Today there is a lot of discussion about "electronic lab notebooks", but the fundamental characteristic of a lab notebook being a record of facts is not often mentioned in this context. Very frequently, computational notebooks as implemented by Jupyter or Mathematica are claimed to be lab notebooks for computational science. It is probably clear at this point that I do not agree. Computational notebooks are designed for writing narratives that include computations and their results. They are best considered specialized word processors that encourage refining a document through many iterations of modification involving the code, its results, and the textual elements. The computational side of notebooks is limited to efficient interactive code evaluation. There is no logging of interactions, and no description of the computational infrastructure (libraries, ...) on which the interactive computations rely. As a consequence, computations in a notebook are in general not replicable. I believe this can be fixed, and I have made a concrete proposal for doing so, but unfortunately I do not have the means to actually implement this idea.
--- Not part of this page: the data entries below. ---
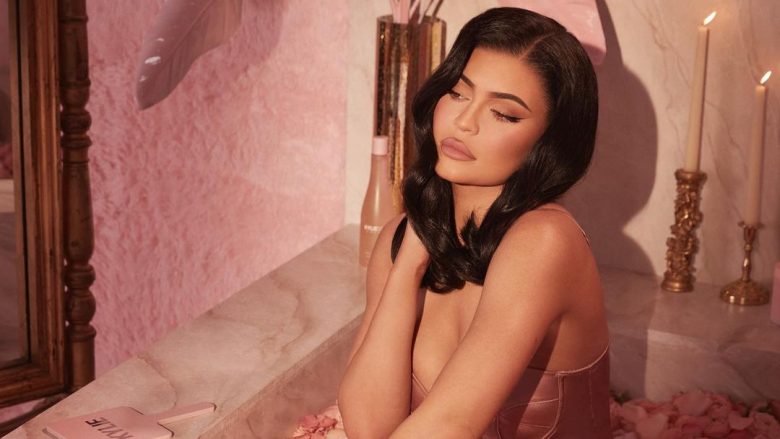 Kylie Jenner shfaqet joshëse me pozat e reja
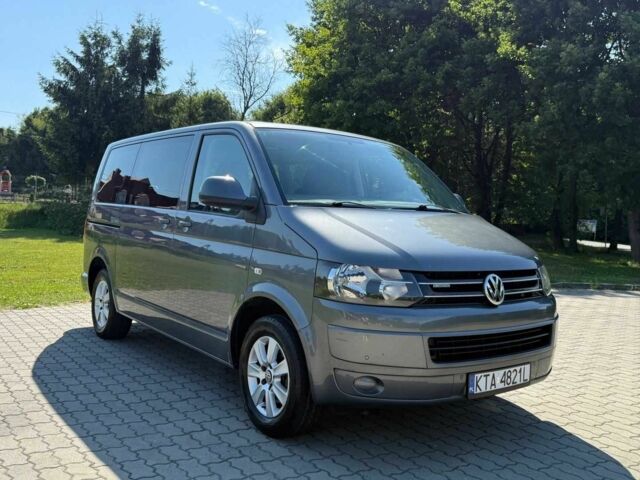 Серый Фольксваген Мультиван, объемом двигателя 2 л и пробегом 199 тыс. км за 8650 $, фото 1 на Automoto.ua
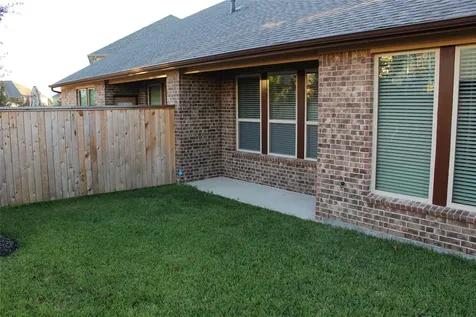 24 Centennial Ridge The Woodlands TX 77354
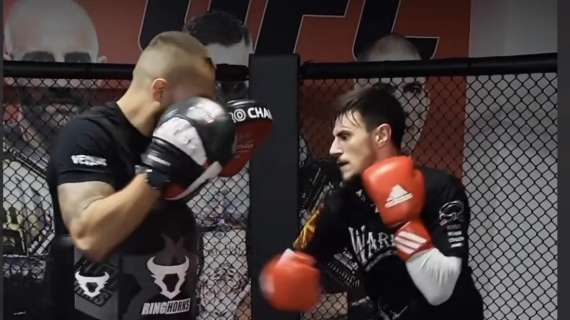 VIDEO - Allenamento speciale per Elmas: sessione di boxe per il macedone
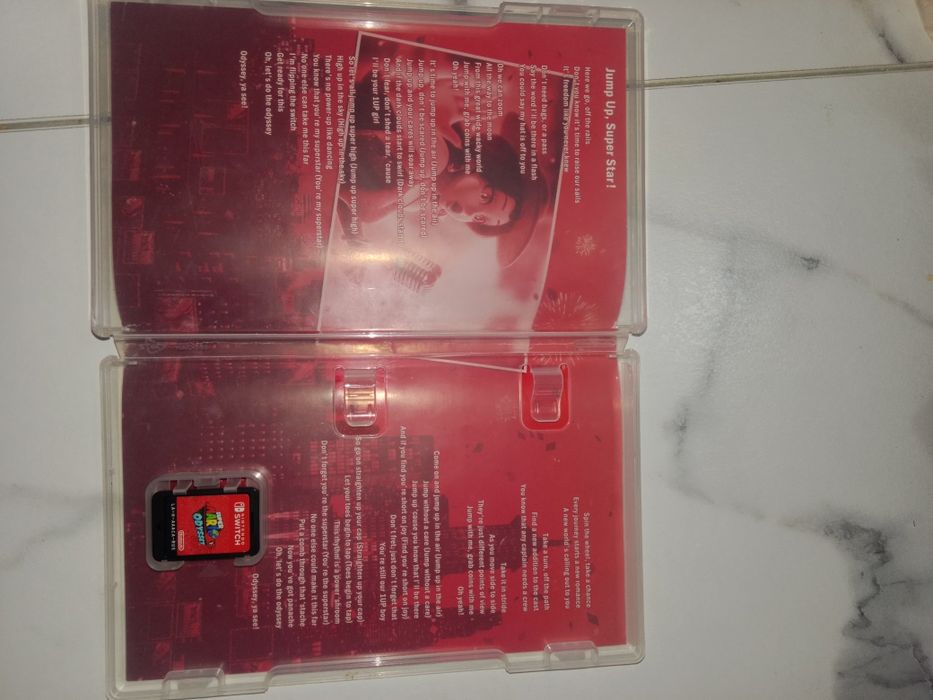 Продаю super mario odyssey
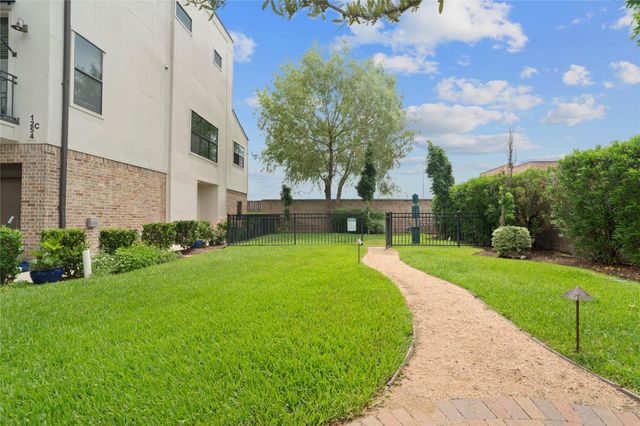 1254 N Post Oak Road A, Houston, TX 77055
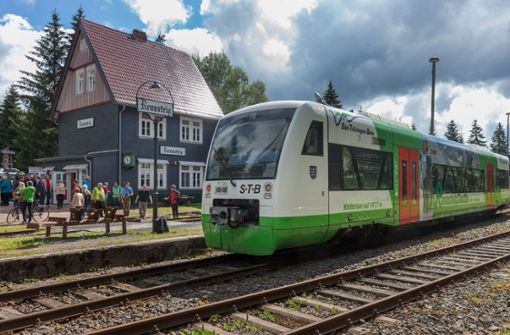 Zum Rennsteig fährt sie planmäßig: Süd-Thüringen-Bahn (STB) Foto: ari ( Michael Reichel )/ari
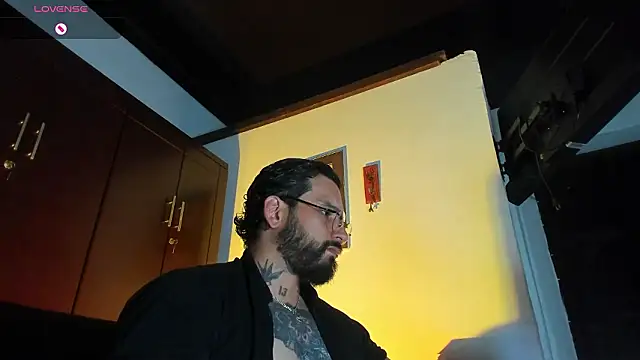 CamiloGray  online show from February 9, 1:38 pm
In version control as it was originally designed, a repository is a fact database that contains sequences of versions of file sets. Commit messages, like comments in a program, are small narratives that provide a high-level overview and often a motivation for each change. The role of a repository is similar to the role of a lab notebook: it is a permanent record of what happened, with narratives written close in time to the recorded events. As commits and commit messages accumulate over time, following along becomes an arduous task for a human reader: the narrative contains too much irrelevant detail. This became a serious practical issue as version control was adopted as a tool for collaboration, with members of a team communicating through commit messages. Git therefore introduced the approach of "rewriting history". The idea is to "clean up" a stream of commits by re-ordering and merging them and by writing new commit messages, with the goal of creating a better narrative. Rewriting history remains a hot topic of debate. Most people realize the utility of cleaning up the narrative, but it also feels wrong to destroy the original historical record in the process. Moreover, there is a clear risk of introducing mistakes when rewriting history. In view of what I said above, the basic mistake is the failure to separate cleanly facts from narratives. The cleaned-up narrative should be separate from the original commented stream of commits and refer to it. In git terminology, rewriting history should create a new branch, and the rebasing operations done in deriving the new branch from the initial one should be recorded. Moreover, the editing tools should ensure that the final file contents are the same in the two branches.
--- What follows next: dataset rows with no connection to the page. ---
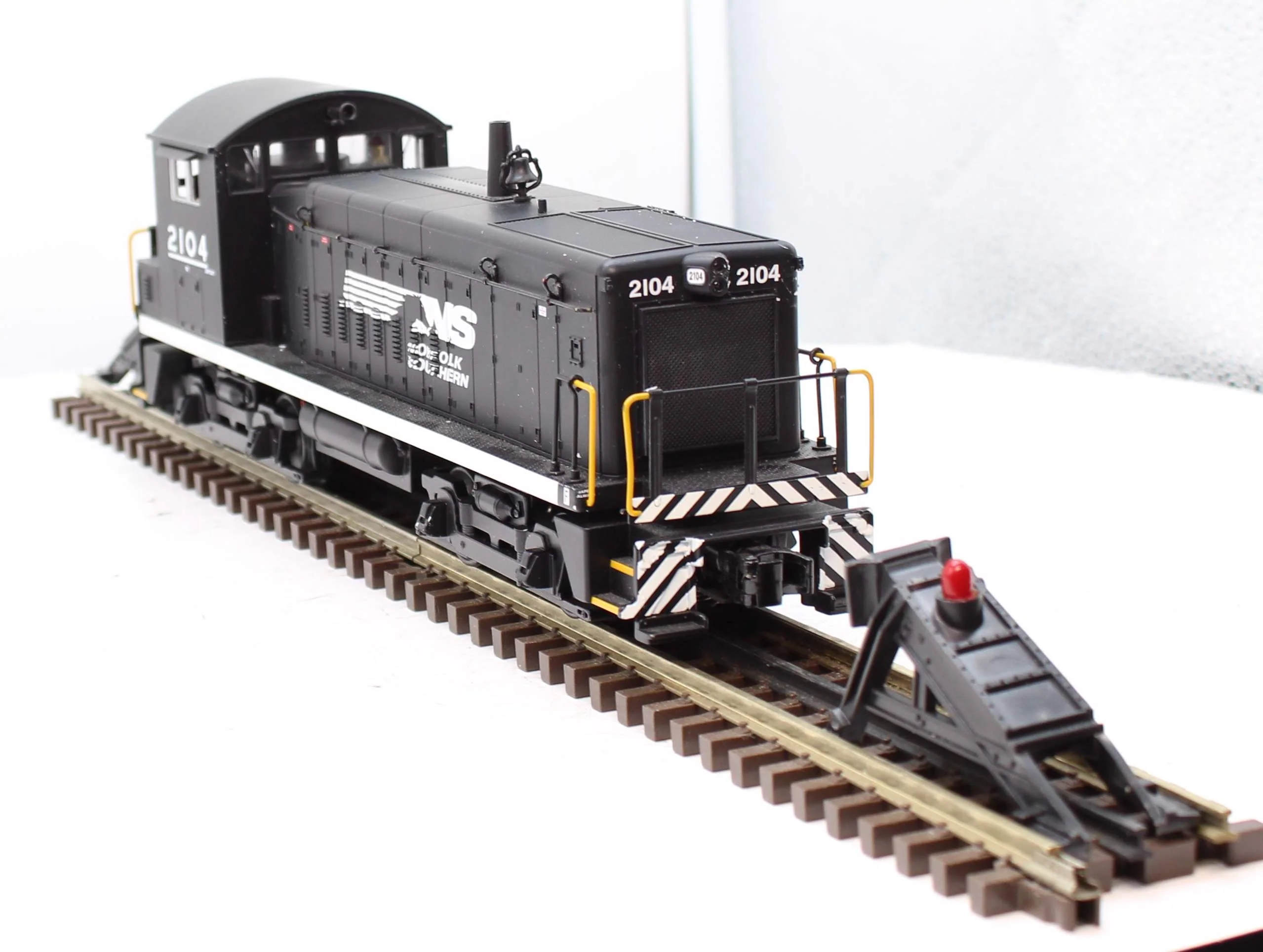 MTH Railking 30-20285-1 Norfolk Southern SW-9 Switcher Diesel Engine with Proto-Sound 3.0 O SCALE Like New - Image 4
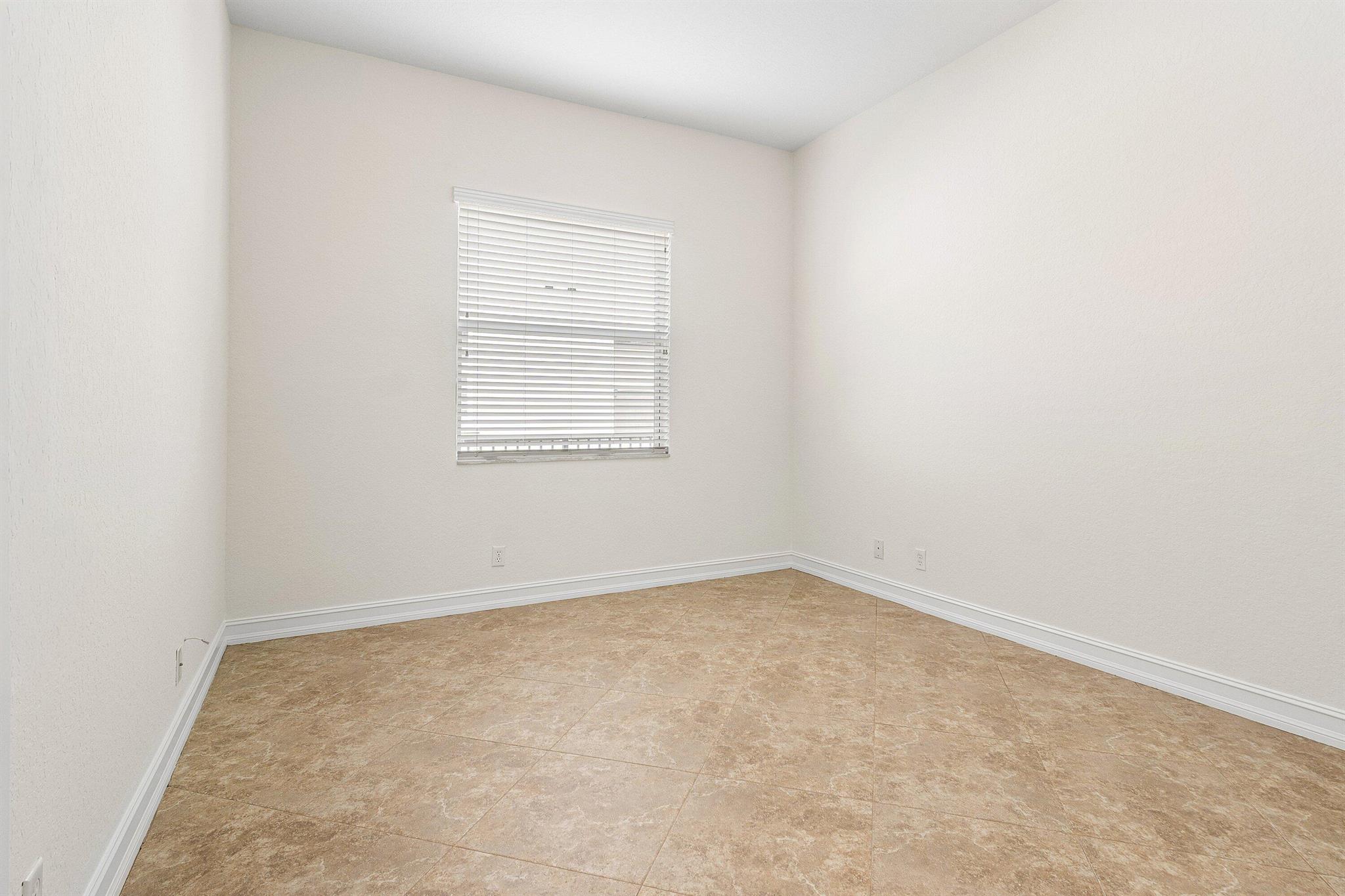 COBBLESTONE CREEK - Residential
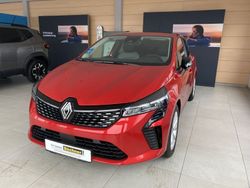 Rot Gebraucht 2024 Renault Clio V Evolution Limousine | 18.490 € (Fairer Preis)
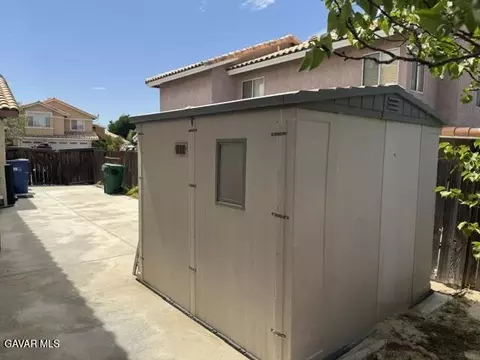 Exterior - 44436 Shadowcrest Dr, Lancaster, CA 93536 photo 4 of 9
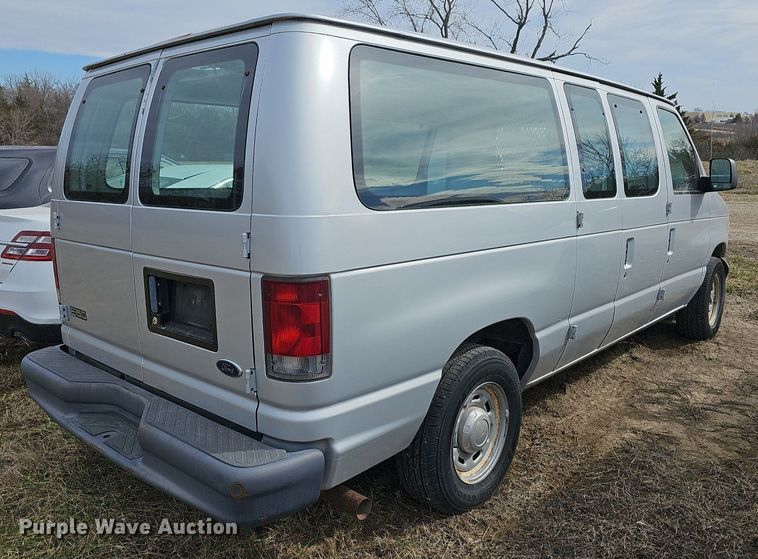 image for item DM1524 2004 Ford  E150 van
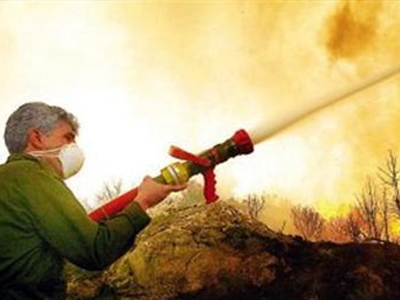 Υπό πλήρη έλεγχο η φωτιά στον Αγ. Στέφανο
I hope that these two examples have illustrated why it is desirable to keep facts and narratives distinct, with well-defined references from narratives to facts. Unfortunately, today's computational technology doesn't help much with reaching this goal when the facts are parts of a complex computation. We cannot define such a computation while remaining completely in the computational universe. And we cannot define unambiguous references to arbitrary facts inside a computational universe either. Most of the data formats and tools we use for preparing narratives do not even try to respect the separation of universes. Finally, the formal languages we use to encode computational facts (programming languages, file formats, etc.) are mostly not designed for being embedded into narratives. There's still a lot to do.